These letters are further material by reason of their substance they reek with the vilest filth and show that they were written by one with the most loathsome and perverted nature, whose testimony was absolutely worthless, and whose depraved disposition could be depended upon to murder this little girl.

The substance of these letters corroborates the contention of movant and of his counsel, that the condition in which the girl's underclothes were found is the result of the work of the negro Jim Conley, and of him alone, the underclothes taken from the body of Mary Phagan being in the following condition: The inside seam of the drawers was cut, not with a sudden rip but deliberately, by one who must have taken his own time in doing it. The cut began at the lower right leg, continuing up across the crotch and partially down the left leg. The drawers, themselves, were extremely roomy. This left the little girl fully exposed, with the exception of a knitted undershirt which fitted next to her skin and which adhered closely to the skin. This knitted undershirt was also cut, the cut starting on the left side, extending up about four or five inches, then extending across the shirt to the left side. There was also a cut over one of the breasts of the shirt, which exposed the left breast. The drawers, themselves, show that they were cut and not torn, and, at the crotch, it can be seen where the knife slipped and the material itself was cut.

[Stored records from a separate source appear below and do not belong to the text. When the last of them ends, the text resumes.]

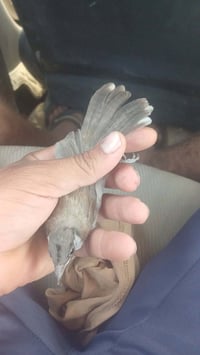 بلبل  20 الف 07838206435 مابي واتساب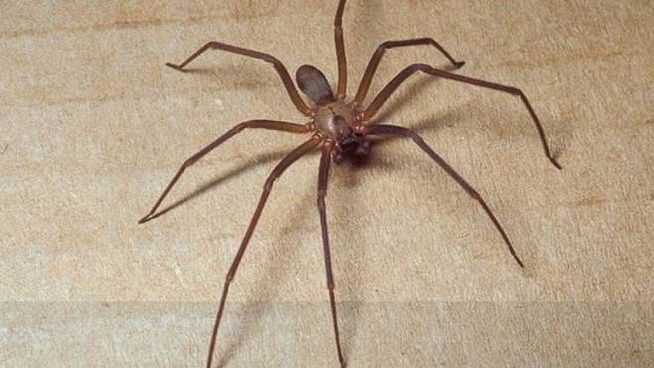 Allarme ragno violino, l’estate pericolosa degli insetti: ecco gli effetti a cui stare attenti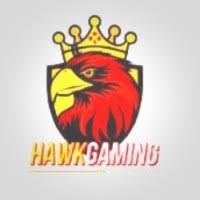 HawkGaming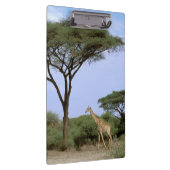 Afrika, Botswana, Okavango Delta. Zuidelijk Klembord (Rechts)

The contention of the State was not that Frank had deliberately determined to murder the girl; but, having sought familiarity with her, either natural or unnatural, and being refused, he suddenly killed her to protect himself.

The condition of these clothes, as above outlined, shows the murder not to be the act of an excited and unbalanced man, but the leisure, ferocious conduct of one possessed of an unnatural passion, with time and opportunity to gratify it.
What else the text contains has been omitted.